Par Jeanne-Claire Fumet
François Cocq, professeur de mathématiques en collège, est secrétaire national à l’Éducation et aux Services publics du Parti de Gauche. Il considère que la transformation de l’école ne peut pas aller sans un changement radical de la société. Les mesures à la marge ne peuvent rien résoudre, sans une profonde remise en cause du partage des richesses, en gouvernant face aux banques, l’instauration d’une 6ème République, la planification écologique et la lutte contre la précarité. Dans cette perspective, la question des moyens matériels importe moins que celle des idéaux que l’on entend servir : pour le Parti de Gauche, c’est le pari d’un haut niveau de culture pour tous, dans une école rendue à ses missions d’enseignement et grâce à des enseignants bien formés et dotés d’une liberté pédagogique plus grande ; c’est aussi une véritable revalorisation sociale et salariale des métiers, condition préalable à la reconnaissance d’une égale dignité des filières professionnelles.

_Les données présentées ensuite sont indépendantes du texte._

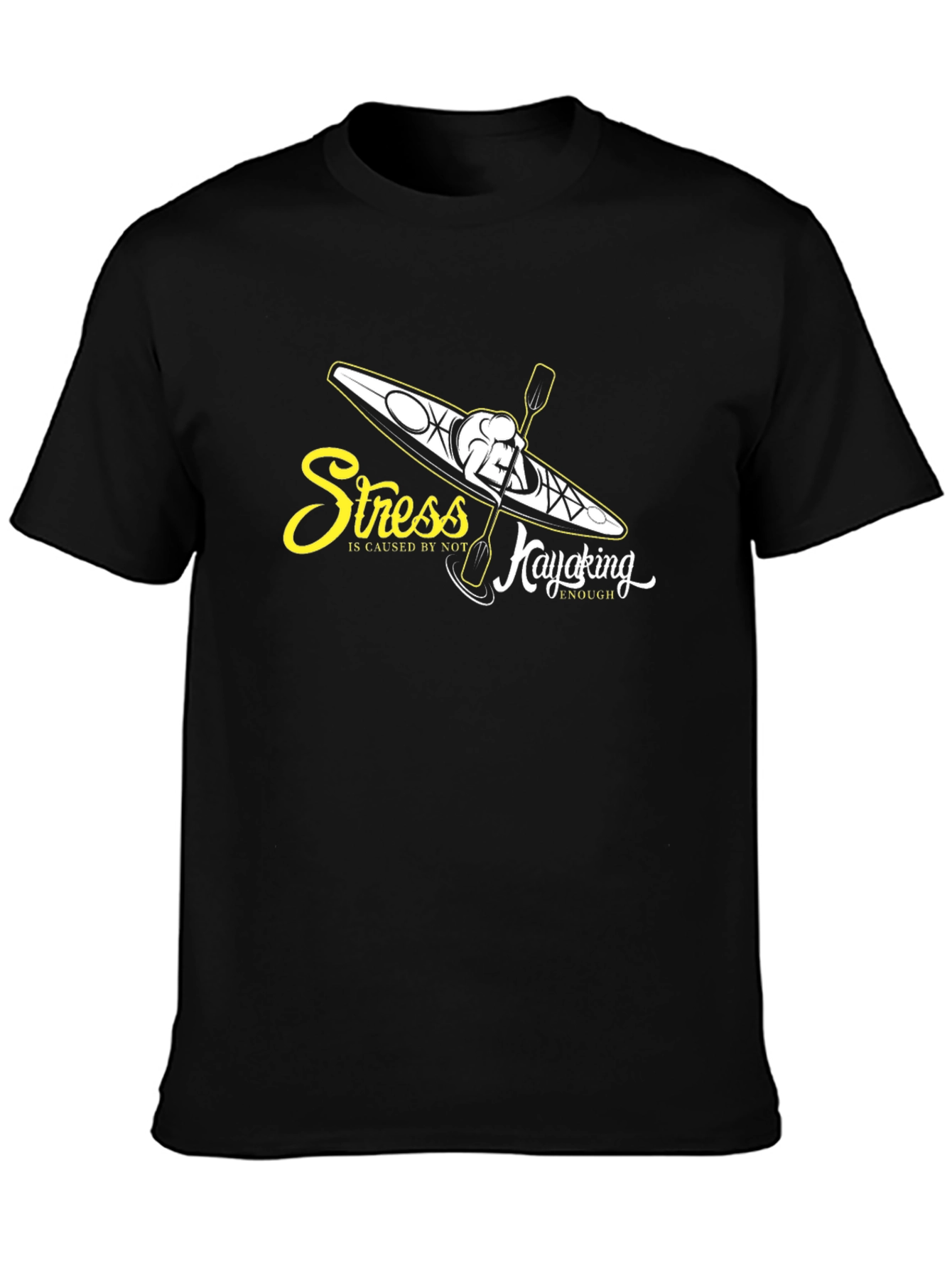 Stress Kayaking Black T-Shirt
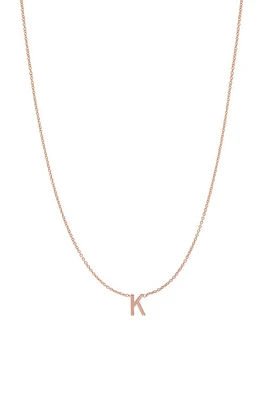 BYCHARI Initial Pendant Necklace in 14K Rose Gold-K at Nordstrom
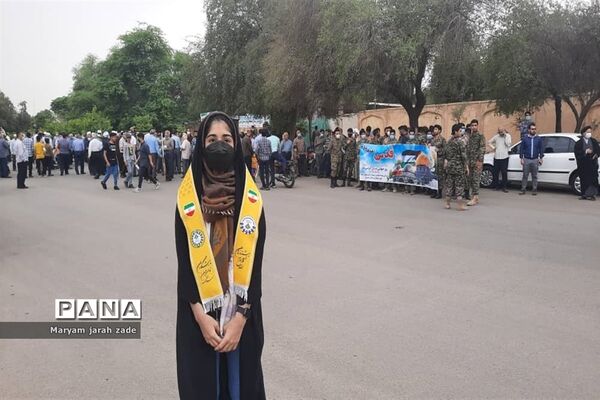 برگزاری راهپیمایی روز قدس در دزفول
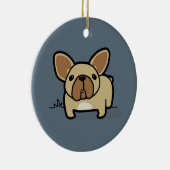 Fawn Frenchie Keramisch Ornament (Rechts)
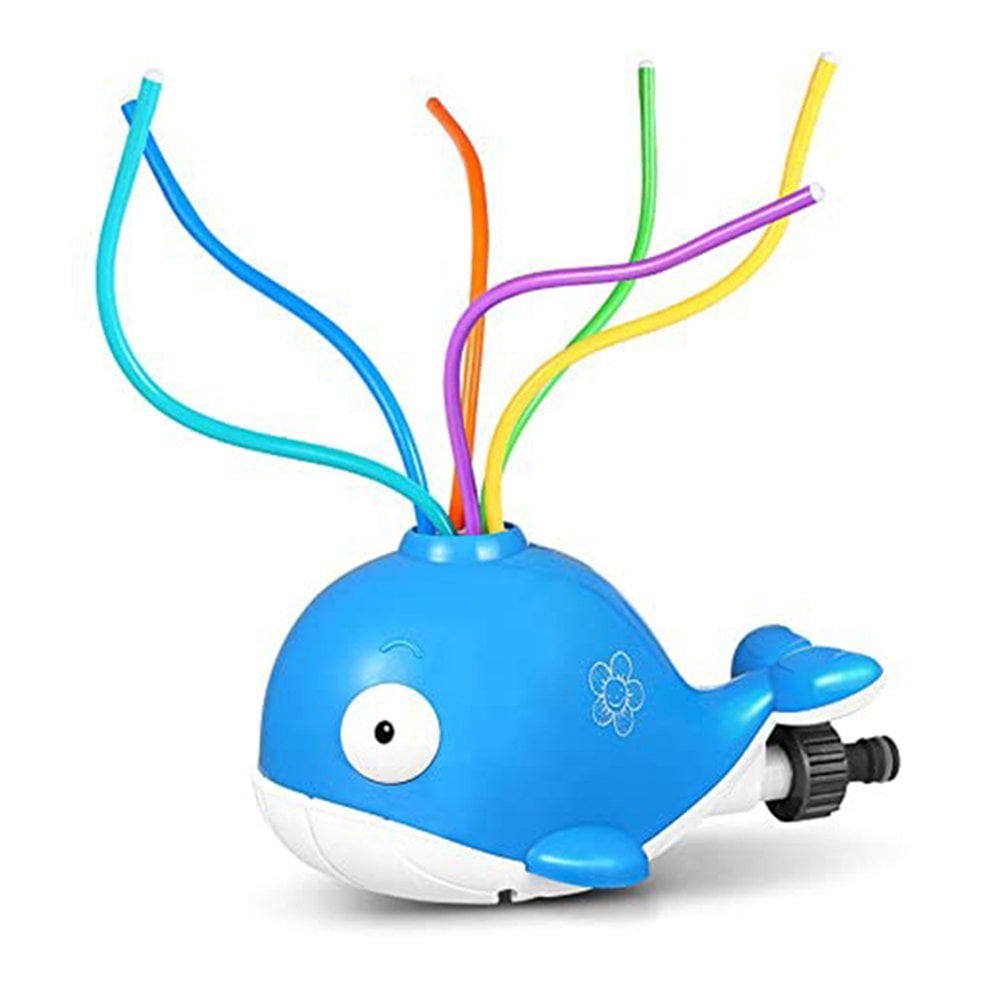 Outdoor Water Sprinkler Spray for Kids Outdoor Toy Water Sprinkler Whale Water Toy Kairaley Water Spray Sprinkler Water Spray Sprinkler Toy with 6 Colorful Wiggle Tubes 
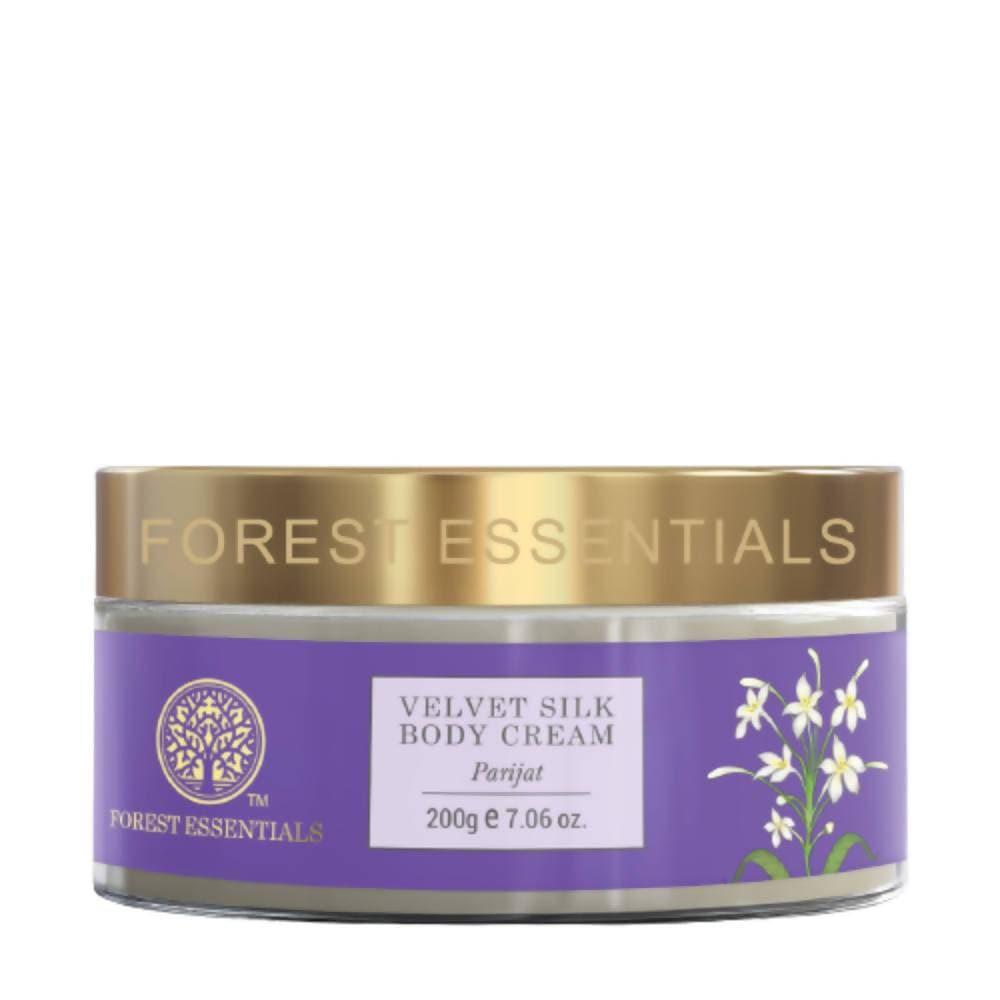 Forest Essentials Velvet Silk Body Cream Parijat - Distacart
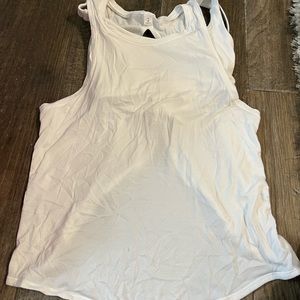 Lululemon white top with built in bra
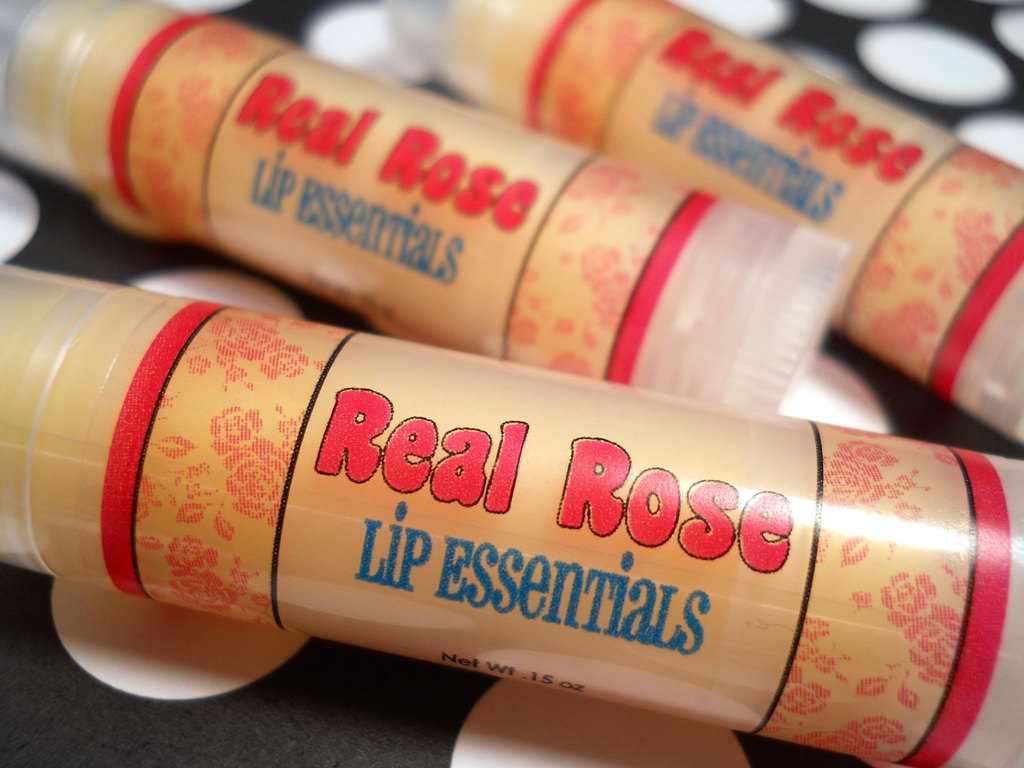 Real Rose Lip Essentials Lip Balm - 100% All Natural Lip Balm - The Lip Balm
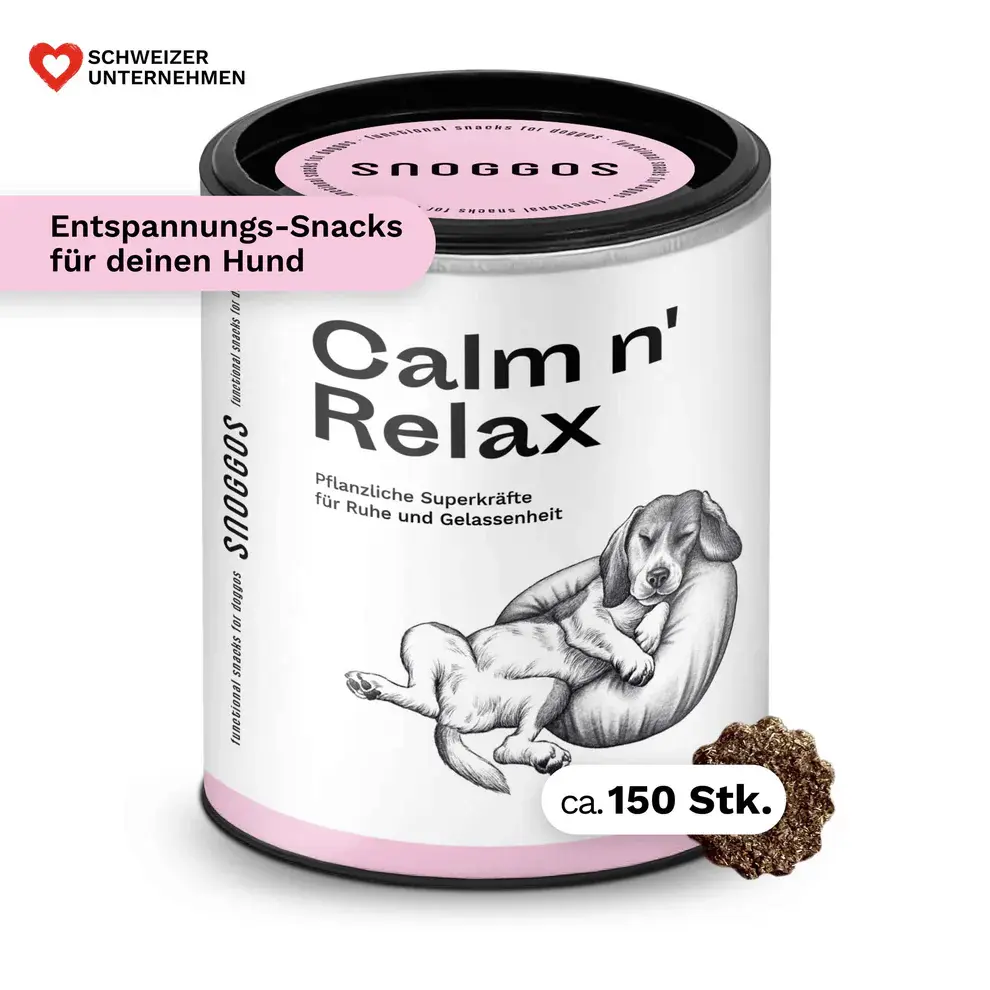 Funktionale Snacks von Snoggos für Ruhe und Entspannung, Ergänzungsfuttermittel für Hunde, bei MA's & MO's GmbH, Ulmiz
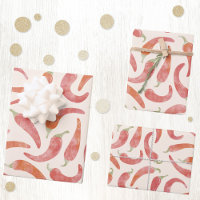 Chili Pepper Red Cream Watercolor Food Art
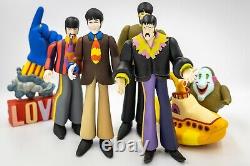 RARE Mcfarlane The Beatles Yellow Submarine Figurine Set John Lennon Ringo Paul
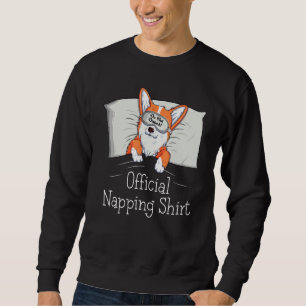 Funny Welsh Corgi Power Napper Dog Lover Napping Sweatshirt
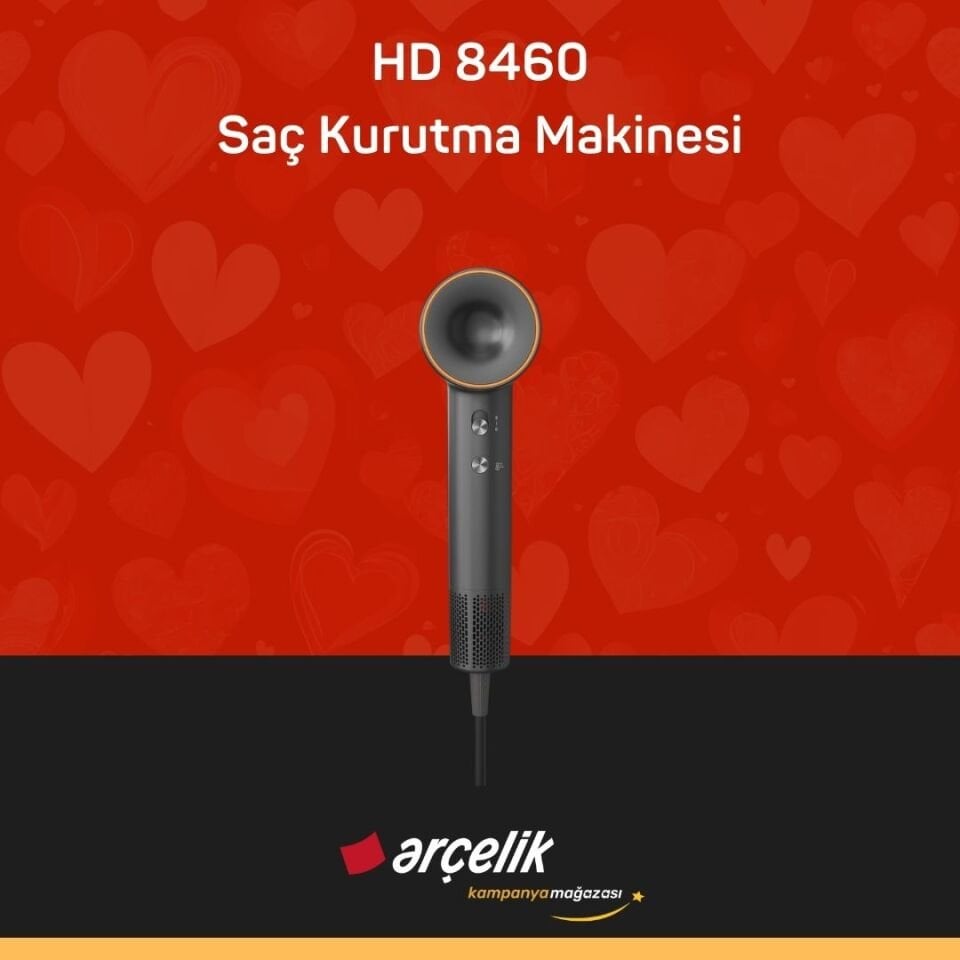 HD 8460 Saç Kurutma Makinesi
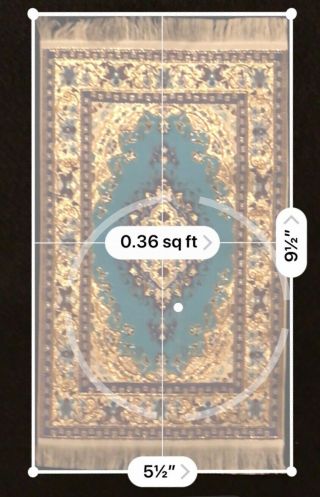 Dollhouse Miniature Area Rug and Runner 1:12 Scale (blue) 2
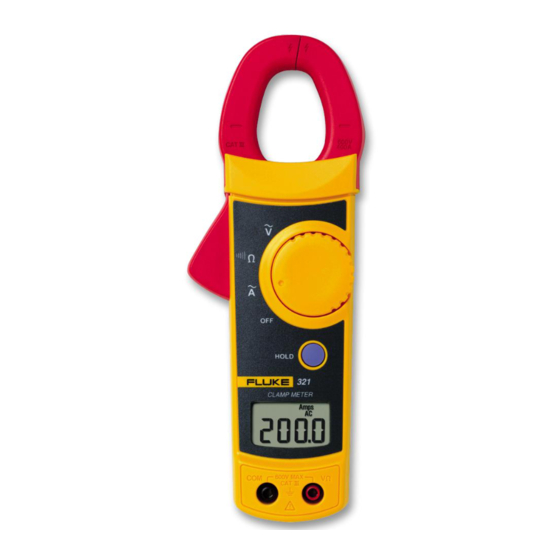 Fluke 321 Manual De Instrucciones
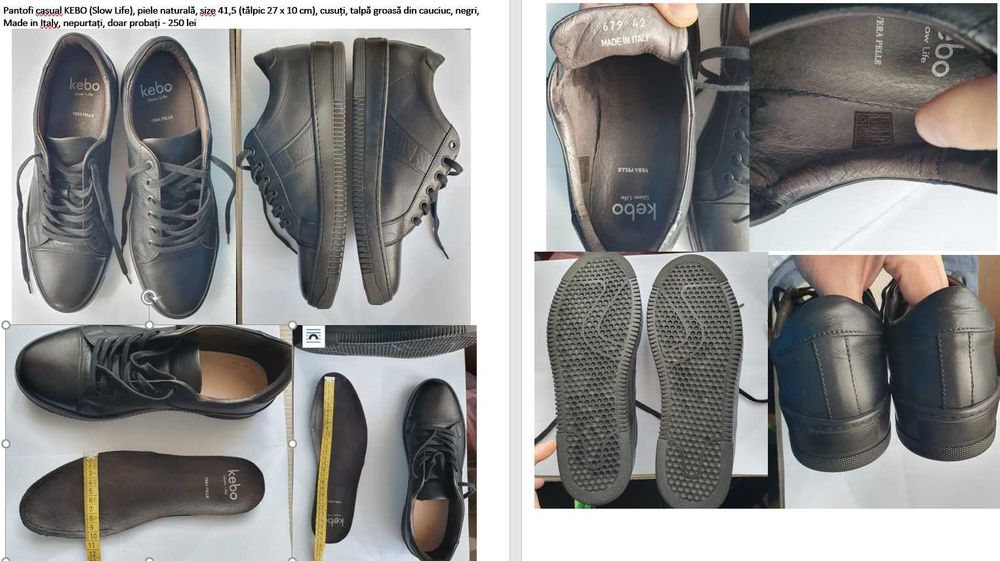 Pantofi HUGO BOSS, piele, 41, fix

Quelle serait, selon vous, la priorité de l’action politique dans le domaine de l’éducation ?
F.C. : Sur la question de l’éducation comme sur d’autres questions, on ne peut se contenter aujourd’hui de mesures à la marge, qui se contenteraient de revisiter l’existant. La ritournelle selon laquelle il faut mettre l’école au cœur du projet de société n’est plus tenable. Nous souhaitons un vrai un changement de société, et c’est ce projet global qui dicte ce que l’on souhaite comme école pour l’avenir. Lors de ses vœux, le Président Sarkozy a décrété qu’il voulait donner de nouvelles missions aux enseignants et qu’il voulait revaloriser la voie professionnelle, cela dans une perspective clairement libérale de concurrence et d’autonomie économiques. Ce que nous voulons, c’est un projet commun d’émancipation, qui se fonde sur la réussite par l’élévation du niveau de connaissances et de qualifications pour tous, pas un système d’individualisme libéral ou une fausse égalité des chances qui passe par la mise en valeur de quelques-uns.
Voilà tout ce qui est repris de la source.